Lucinda, con sus ojos medio cerrados me llamó a un costado, y me dió en una bolsa muchas hojas que según ella yo ya sabía diferenciar. Me abrazó muy fuerte y no dijo nada.Yo debí decir algo, ahora lo pienso, pero sólo puse más fuerza en mis hombros para apretarla bastante.
Volvimos a Huancayo y mi madre nos recibió con un rico almuerzo.Recuerdo que a partir de ese tiempo dormí muy temprano, como mi abuela acostumbraba hacerlo antes del viaje y ahora entendía de dónde venía esa costumbre.
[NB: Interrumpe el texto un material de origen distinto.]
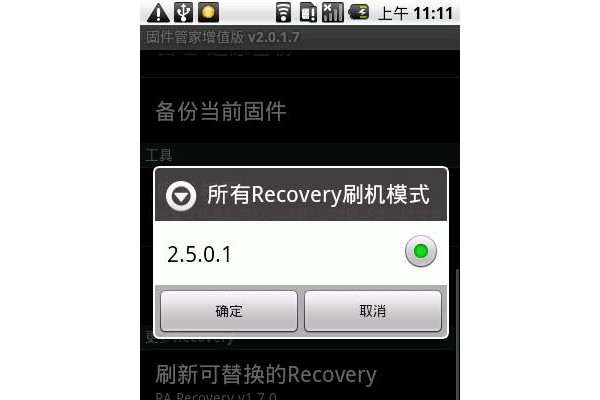 固件管家高级版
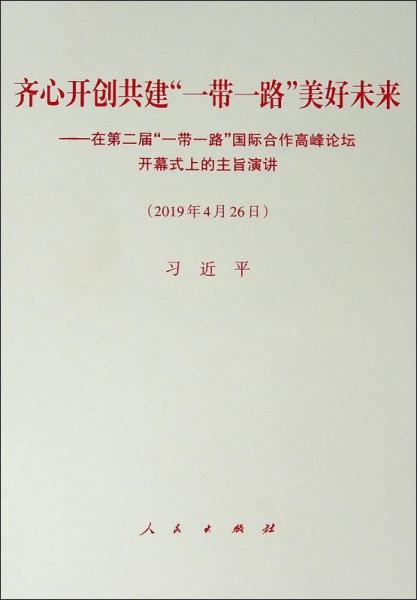 齐心开创共建一带一路美好未来——在第二届一带一路国际合作高峰论坛开幕式上的主旨演讲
En el transcurrir de aquellos meses, mamá consiguió un empleo en Lima.Tuvimos que viajar las tres. Mi abuela no soportó nada la gran capital.Murió después de un año de puro aburrimiento, en aquel departamento en un tercer piso. Pude volver al pueblo de mi abuela, ya después de algunos años. Cuando por un primer año de trabajo de campo en la universidad en la carrera de biología nos mandaron visitar la zona. La casa de mi abuela había sido casi derribada por las raíces del quinual. Muchas cosas habían cambiado.
Pregunté encontrando al fin la casa de la tía Rosa sobre Lucinda, y me dijeron, no recuerdo que pariente mío era que ella había muerto ya hace muchos años allá en la pampa donde separaba el trigo. Ese día un toro la había revolcado hasta matarla. Al poco tiempo,de mucha pena se fue la tía Rosa también.Me preguntaron quién era pues nadie se recordaba de mi.
Fue cuando pensé que aquel viaje que hice con mi abuela, quizás no sucedió nunca o simplemente lo imaginé de pequeña.